Between-reconstruction variance as revealed here represents a pending challenge for the integration of proxy records over larger regions and the development of a single timeseries that represents the Northern Hemisphere (e.g., Mann et al., 2008), for example. The composition of such records commonly relies on the calibration statistics derived from fitting regional proxy records against instrumental data (D’Arrigo et al., 2006). However, the records analyzed here would all easily pass conventional calibration-based screening procedures. Yet our analysis revealed that choosing one Scandinavian record instead of another one can alter reconstructed temperatures by 1.5-3 °C during Medieval times, for example. On the other hand, consideration of all records presented here would likely promote a less variable climate history, as the combination of diverging records tends to reduce variance in the mean timeseries (Frank et al., 2007). If such a mean is then combined with instrumental data covering the past 100–150 years, this approach might facilitate hockey stick-shaped reconstructions (Frank et al., 2010a). This seems to be a tricky situation in which expert teams including the developers of proxy records might need to be involved to help assessing timeseries beyond the typical ranking based on calibration statistics.
Our results showed that introducing an improved temperature reconstruction does not automatically clarify climate history in a given region. In northern Scandinavia, we now arrive at a situation where a number of high-resolution proxy records – all passing classical calibration and verification tests – are available within a confined region that is characterized by homogeneous temperature patterns. These records, however, differ by several degrees Celsius over the past two millennia, which appears huge if compared with the 20th Century warming signal in Scandinavia or elsewhere. We conclude that the temperature history of the last millennium is much less understood than often suggested, and that the regional and particularly the hemispheric scale pre-1400 temperature variance is largely unknown. Expert teams are needed to assess existing records, and to reduce uncertainties associated with millennium-length temperature reconstructions, before we can usefully constrain future climate scenarios.

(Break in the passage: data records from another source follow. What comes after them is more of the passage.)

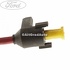 Cablu alimentare bujii incandescente M4 Ford Escort MK6 1.8 D 60 HP Part Number 95FF6M091AD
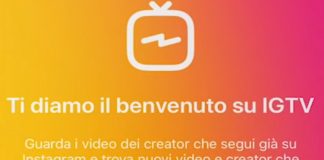 IG Tv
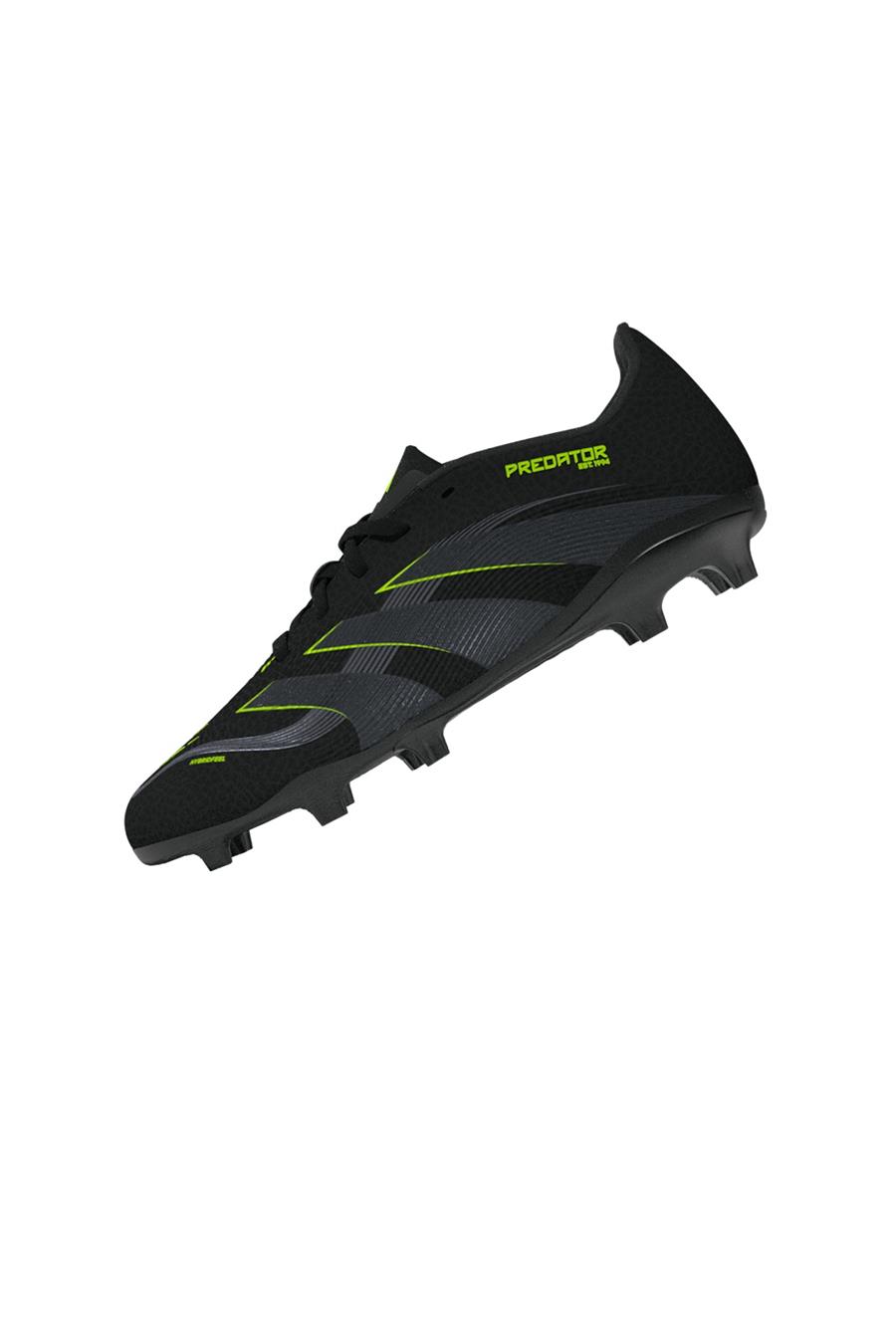 adidas Siyah Çocuk   Krampon PREDATOR LEAGUE FG/MG J JI1122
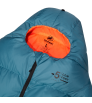 Спален Чувал Mammut Comfort Down Bag -5C Winter 2025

Full paper here (PDF -link fixed)
h/t to WUWT reader Gordon Pye and Tory Aardvarrk
ericgrimsrud says:
October 21, 2012 at 9:05 pm
=========================
Centuries of data correlating the cock’s crow and sunrise show strong agreement, albeit with a lag of less than an hour. We may safely conclude that one event causes the other, or that a third event causes both. This chart (http://en.wikipedia.org/wiki/File:Vostok_420ky_4curves_insolation.jpg)

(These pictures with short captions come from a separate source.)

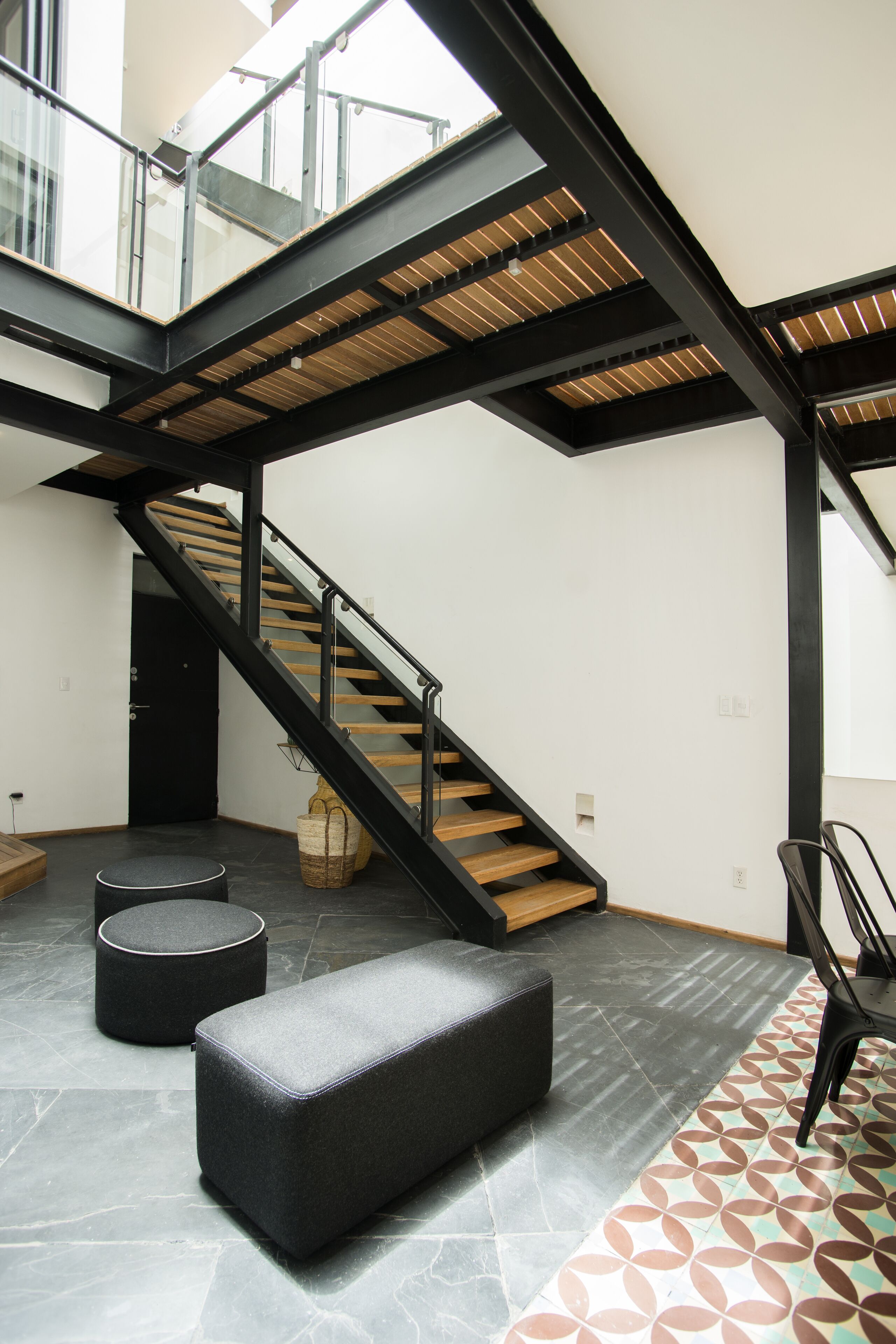 Central Luxury house - Condesa Neighborhood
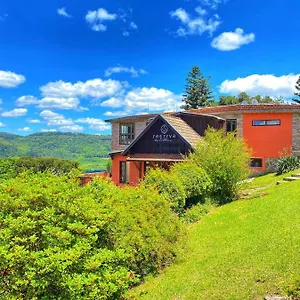 Hotel Reserva Da Collina *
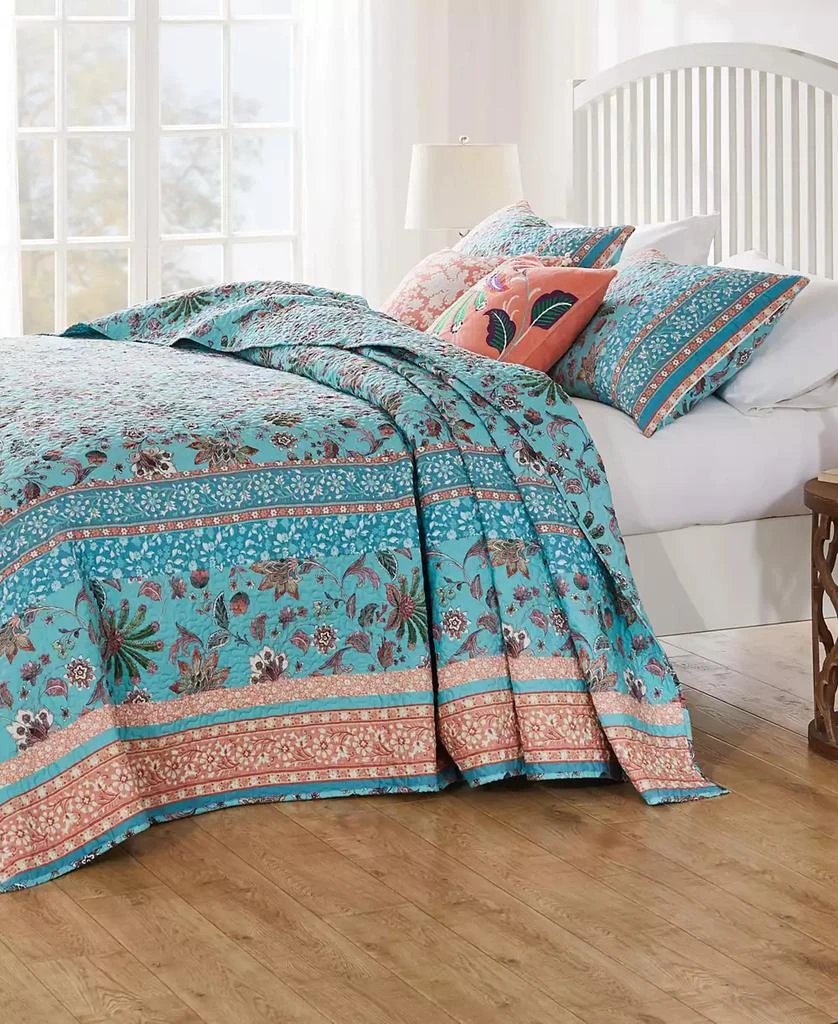 Macy's Audrey Classic 3-Pc. Bedspread Set 5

compares insolation governed by orbital forcng (Milankovitch Cycles) with T and CO2, and again shows good agreement, especially between T and CO2. Again we can assume either T or CO2 drives the other or that a third function governs both. But we have a third function, insolation, governed by the earth’s orbit, which correlates with the other two, generally leading it by c.5ky. So now we have to ask, is T or CO2 driving insolation, or is insolation running the show? Does the rooster make the sun come up? And the claim that CO2 forces T is every bit as absurd. Insolation causes ice sheet growth or melting, which governs T and CO2. And as I’ve been arguing all along, CO2’s contribution to warming is of 2 orders of magnitude less than insolation and albedo feedback combined. That means insignificant. This year the high southern latitudes will get 30 more watts of January insolation than the opposite northern latitudes will in June:
http://aom.giss.nasa.gov/cgi-bin/srmonlat.cgi
–AGF
ericgrimsrud:
re your post tp me at October 22, 2012 at 7:50 am
I will not lower myself to discuss anything with you unless and until you provide a complete, abject and unequivocal apology for your lies.

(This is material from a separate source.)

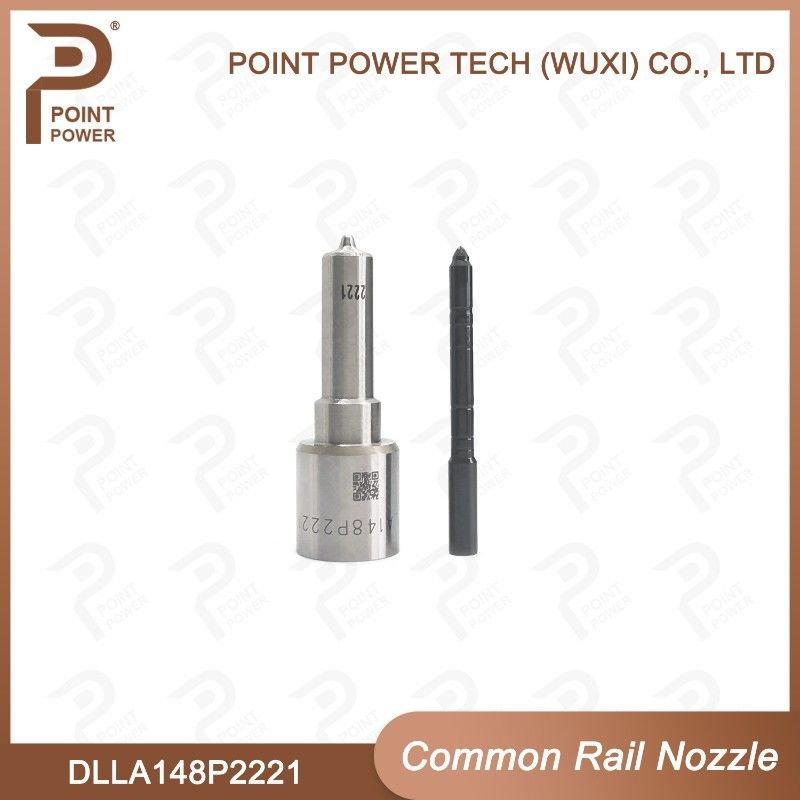 Bosch Injector Nozzle DLLA148P2221 Para injetores 0445120265 etc diesel common rail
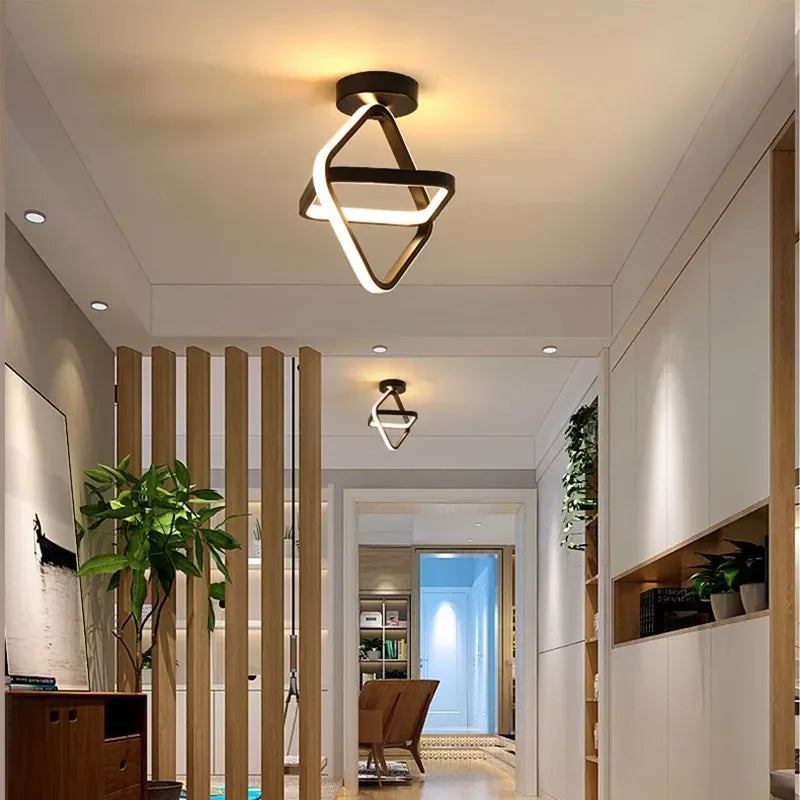 Modern LED Ceiling Light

Anyway, as this thread demonstrates, it is a laughable idea that you are capable of understanding the paper which you cite.
Richard
To RC, Have a good laugh:
The huge problem with the Lindzen and Choi 2009 paper is that they examine only select tropical data. In their chosen data set, they find that during periods of higher surface temperatures, the IR radiation emitted and solar radiation reflected back into space by the earth goes up as well, thereby cooling the Earth. To show this, they select specific intervals of monthly averaged values and compare fluxes at their endpoints. They don’t even provide a criterion for selecting these endpoints, they simply pick some for analysis.
The result one then obtains in depends entirely on the endpoints chosen. The article by Ttrenberth et al shows that the perceived feedback can be whatever one wishes it to be by choosing different intervals and that the result that obtained by Lindzen and Choi is actually very unlikely.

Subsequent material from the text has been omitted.